Poverty from Workhouse to the Welfare State.

 In 1909 Beatrice Webb produced a controversial report which proposed abolishing the stigma and penury of the Poor Law and its workhouses. James Gregory argues that this plea for a less judgemental approach to poverty created the foundations of the modern Welfare State.

Part of Booth's map of Whitechapel 1889. The red areas are "well-to-do"; the black areas are "semi-criminal".In the late 1880s, the great social investigator Charles Booth (1840-1916) set about mapping the streets of London, with the assistance of his researcher, radical reformer Beatrice Webb (1858-1943). Booth's aim was to understand the extent and causes of the great concentrations of poverty that had arisen in Victorian London. What he found shocked him: a 'submerged tenth', a 'population sodden with drink, steeped in vice, eaten up by every social and physical malady'.
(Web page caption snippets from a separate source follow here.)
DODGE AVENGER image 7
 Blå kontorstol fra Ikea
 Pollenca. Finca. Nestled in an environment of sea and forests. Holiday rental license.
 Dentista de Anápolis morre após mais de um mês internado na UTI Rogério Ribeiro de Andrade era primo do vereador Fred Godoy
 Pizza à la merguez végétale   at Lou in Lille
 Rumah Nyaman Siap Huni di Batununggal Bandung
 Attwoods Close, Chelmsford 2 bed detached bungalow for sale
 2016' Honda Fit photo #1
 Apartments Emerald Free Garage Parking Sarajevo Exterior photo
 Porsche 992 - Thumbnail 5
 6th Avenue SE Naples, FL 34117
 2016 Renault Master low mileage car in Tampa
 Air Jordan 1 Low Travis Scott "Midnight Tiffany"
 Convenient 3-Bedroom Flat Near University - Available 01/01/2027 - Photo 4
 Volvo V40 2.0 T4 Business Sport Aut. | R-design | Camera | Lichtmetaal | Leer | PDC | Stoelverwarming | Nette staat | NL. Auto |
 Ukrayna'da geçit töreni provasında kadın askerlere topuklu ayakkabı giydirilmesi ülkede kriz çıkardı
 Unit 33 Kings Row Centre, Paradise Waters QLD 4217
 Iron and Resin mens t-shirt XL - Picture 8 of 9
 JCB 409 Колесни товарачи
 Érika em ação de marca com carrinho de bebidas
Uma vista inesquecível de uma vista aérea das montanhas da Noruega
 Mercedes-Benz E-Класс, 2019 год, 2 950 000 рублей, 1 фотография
Today, a hundred years later, official and learned discussions about the poor no longer refer to a 'social residuum'; one of the many memorable phrases attributed to Booth. But the anxiety and imagery that his findings evoked remain potent. It is difficult to pick up a tabloid newspaper and not find almost exactly the same description, not of a submerged tenth perhaps, but of an 'underclass' of 'feckless scroungers' (Sunday Express, March 19th, 2008), with drugs added to the Victorian mix of drink and vice.